TotK honestly would have been better if the Great Sky Island's Temple of Time had an optional dungeon inside it that consisted of a combat tutorial gauntlet. That way, people can ignore it if they want to figure it out themselves, but for those that want to learn everything can do so before they jump off and head to Lookout Landing. Combine some together to reduce repetitiveness and then make a boss fight at the end against Rauru's ghost that rewards a piece of heart to make up the difference.
Then those shrines where they are all found normally can still be there, they just won't reward a orb of light since you already got it in the optional tutorial dungeon at the beginning of the game. Can even give the player a pop up saying, "Hey, you already learned the things this shrine has to teach you and will not gain an orb of light if you complete it again. Do you want to redo the tutorial for ____?" Might feel video gamey, but I think it'd be appreciated by people.
I'm not sure merging every fighting tutorial into one big tutorial would have made the learning easier. Curious new players would just get stuffed with plenty of new mechanics at once and wouldn't assimilate them immediatly
Moreover it would hold back many players who doesn't want to miss anything from jumping on the land by teasing them this whole area to discover, creating a tension between going forward in the game and staying on the Great Sky Island, while they already spent a lot of time there already.
Finally, leaving empty shrines all over the map would feel disapointing once you stumble on them.
Despite having a little boss fight at the end of the tutorial area sounds cool, I think that in the end, this optional dungeon wouldn't satisfy many people.
Or maybe you make the combat tutorials in lookout landing with Link helping to "instruct" the rookie soldiers on drills... and completely forgo the waste of shrine space and repetitive loading screens for way too many locations around the map...
@@coloquintedetoux6899
I kind of like the idea of Rauru testing you with one last gauntlet, but keep the reward at the later shrines (because no one wants to do a challenge for nothing) and let them be a test to see if you retained or need a refresher on the all-in-one tutorial.
@@amandaslough125
This. This is the way to do it. A lot of optional tutorial stuff could have been put at Lookout Landing.

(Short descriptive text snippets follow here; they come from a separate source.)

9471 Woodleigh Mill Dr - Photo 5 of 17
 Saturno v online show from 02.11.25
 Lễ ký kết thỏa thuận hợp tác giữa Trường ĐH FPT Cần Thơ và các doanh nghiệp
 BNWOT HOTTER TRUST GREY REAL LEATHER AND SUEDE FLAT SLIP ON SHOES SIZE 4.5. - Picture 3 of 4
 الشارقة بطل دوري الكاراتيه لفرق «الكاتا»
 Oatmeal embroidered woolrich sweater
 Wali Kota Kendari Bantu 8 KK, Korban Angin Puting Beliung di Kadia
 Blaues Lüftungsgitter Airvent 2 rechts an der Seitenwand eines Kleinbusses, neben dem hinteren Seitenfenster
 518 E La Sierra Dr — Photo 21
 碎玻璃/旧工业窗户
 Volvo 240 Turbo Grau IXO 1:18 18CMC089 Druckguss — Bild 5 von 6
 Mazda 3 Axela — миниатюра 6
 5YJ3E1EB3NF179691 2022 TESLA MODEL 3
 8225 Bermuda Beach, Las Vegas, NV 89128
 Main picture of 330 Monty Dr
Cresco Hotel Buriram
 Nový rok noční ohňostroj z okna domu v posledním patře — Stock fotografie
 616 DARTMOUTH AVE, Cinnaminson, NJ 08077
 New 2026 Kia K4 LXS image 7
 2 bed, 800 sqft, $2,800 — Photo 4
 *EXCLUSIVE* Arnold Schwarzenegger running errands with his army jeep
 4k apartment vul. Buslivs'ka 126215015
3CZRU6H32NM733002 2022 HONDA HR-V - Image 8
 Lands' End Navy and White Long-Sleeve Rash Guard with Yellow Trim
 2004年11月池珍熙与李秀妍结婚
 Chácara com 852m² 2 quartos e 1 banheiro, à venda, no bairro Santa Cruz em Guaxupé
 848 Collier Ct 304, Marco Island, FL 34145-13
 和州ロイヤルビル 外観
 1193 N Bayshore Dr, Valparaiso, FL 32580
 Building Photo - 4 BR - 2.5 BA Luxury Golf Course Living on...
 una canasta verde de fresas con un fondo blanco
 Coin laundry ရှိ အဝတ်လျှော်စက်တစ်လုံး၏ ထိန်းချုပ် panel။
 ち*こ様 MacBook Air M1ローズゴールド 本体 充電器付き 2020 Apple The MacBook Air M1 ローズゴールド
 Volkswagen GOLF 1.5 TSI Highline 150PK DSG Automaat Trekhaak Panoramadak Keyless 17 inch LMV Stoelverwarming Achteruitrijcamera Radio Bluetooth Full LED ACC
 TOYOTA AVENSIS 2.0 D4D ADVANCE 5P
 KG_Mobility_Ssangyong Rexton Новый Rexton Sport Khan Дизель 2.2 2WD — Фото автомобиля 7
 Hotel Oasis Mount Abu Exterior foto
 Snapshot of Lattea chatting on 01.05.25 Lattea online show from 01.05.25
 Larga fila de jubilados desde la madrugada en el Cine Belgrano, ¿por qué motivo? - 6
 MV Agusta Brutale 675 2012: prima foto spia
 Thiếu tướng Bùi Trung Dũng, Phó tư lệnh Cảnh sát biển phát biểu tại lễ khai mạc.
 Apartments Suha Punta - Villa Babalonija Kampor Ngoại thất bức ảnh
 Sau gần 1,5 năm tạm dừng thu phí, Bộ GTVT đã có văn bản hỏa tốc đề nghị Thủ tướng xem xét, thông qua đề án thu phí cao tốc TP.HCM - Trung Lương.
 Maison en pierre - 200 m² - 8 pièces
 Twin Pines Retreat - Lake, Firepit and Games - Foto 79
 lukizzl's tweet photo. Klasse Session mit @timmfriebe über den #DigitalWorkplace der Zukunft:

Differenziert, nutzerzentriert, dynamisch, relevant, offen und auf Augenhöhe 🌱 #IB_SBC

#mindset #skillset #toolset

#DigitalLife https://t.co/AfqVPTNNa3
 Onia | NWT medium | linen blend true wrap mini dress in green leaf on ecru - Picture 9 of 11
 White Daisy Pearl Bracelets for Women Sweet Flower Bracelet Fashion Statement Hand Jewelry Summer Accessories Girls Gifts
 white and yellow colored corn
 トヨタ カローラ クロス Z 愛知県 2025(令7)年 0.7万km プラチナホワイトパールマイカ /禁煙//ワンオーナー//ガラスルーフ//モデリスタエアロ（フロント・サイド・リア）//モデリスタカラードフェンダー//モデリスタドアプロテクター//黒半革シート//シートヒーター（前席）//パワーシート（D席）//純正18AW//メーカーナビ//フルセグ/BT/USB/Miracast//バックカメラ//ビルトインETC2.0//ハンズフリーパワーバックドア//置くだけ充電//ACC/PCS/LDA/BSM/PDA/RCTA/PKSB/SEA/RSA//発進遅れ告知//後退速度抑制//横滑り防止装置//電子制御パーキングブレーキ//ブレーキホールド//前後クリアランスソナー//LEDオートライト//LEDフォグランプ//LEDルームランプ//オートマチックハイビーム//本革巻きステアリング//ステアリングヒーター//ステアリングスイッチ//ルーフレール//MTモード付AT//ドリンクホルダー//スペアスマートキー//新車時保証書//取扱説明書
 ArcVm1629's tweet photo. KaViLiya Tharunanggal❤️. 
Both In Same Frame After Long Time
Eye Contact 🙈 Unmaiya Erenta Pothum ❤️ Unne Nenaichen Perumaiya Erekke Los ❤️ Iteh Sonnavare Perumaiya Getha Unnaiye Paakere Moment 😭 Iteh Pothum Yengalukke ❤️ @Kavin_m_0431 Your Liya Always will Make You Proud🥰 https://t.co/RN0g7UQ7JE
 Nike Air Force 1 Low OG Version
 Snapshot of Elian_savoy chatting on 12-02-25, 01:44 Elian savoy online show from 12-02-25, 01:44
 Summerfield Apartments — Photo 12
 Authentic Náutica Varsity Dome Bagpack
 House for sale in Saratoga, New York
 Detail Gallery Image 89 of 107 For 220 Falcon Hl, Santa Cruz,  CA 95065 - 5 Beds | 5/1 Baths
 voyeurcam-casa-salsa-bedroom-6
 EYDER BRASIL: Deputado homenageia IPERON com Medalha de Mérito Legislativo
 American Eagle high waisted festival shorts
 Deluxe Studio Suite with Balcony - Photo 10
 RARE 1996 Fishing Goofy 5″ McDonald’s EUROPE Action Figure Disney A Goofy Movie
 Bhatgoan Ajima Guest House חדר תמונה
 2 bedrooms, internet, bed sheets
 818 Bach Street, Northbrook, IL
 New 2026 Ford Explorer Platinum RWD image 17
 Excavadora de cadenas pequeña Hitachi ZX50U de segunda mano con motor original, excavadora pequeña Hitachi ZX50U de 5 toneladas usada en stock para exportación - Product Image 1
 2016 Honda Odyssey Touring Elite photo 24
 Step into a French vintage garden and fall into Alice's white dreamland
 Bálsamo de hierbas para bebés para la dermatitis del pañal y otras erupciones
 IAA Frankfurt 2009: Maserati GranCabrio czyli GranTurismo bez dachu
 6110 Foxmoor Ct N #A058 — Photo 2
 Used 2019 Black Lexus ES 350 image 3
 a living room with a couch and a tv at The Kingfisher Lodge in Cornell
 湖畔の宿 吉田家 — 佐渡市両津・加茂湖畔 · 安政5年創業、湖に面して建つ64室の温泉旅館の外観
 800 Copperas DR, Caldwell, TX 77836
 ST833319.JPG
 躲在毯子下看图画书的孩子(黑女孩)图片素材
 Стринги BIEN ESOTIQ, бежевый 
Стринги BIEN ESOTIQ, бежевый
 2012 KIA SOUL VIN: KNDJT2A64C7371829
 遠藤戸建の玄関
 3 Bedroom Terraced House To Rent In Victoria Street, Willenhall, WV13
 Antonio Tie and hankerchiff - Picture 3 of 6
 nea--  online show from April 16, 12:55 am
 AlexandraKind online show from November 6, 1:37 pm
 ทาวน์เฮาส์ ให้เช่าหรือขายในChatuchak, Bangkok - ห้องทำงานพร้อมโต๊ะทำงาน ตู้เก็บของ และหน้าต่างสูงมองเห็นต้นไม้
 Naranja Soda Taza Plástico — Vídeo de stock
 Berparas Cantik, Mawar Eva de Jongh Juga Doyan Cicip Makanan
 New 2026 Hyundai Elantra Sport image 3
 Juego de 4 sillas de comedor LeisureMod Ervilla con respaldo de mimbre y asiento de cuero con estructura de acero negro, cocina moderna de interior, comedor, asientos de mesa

Pretty much all the troops there were window dressing as it is now.
@@BonaparteBardithion I agree too ! The lookout landing would be the perfect place for that since you often come back here throughout your journey ! The soldiers here could ask a new lesson about one technique every
time you come back wich would fit the overall design the place, giving you new missions each when you stop by.
This way it would avoid having to be teached all the techniques all at once and would give extra relevance to Lookout Landing on the while playtrough. On top of that, if you already knew or found out the techniques on your own the soldiers could still give you a little reward for your teaching, so it would remain a nice and fun thing to do.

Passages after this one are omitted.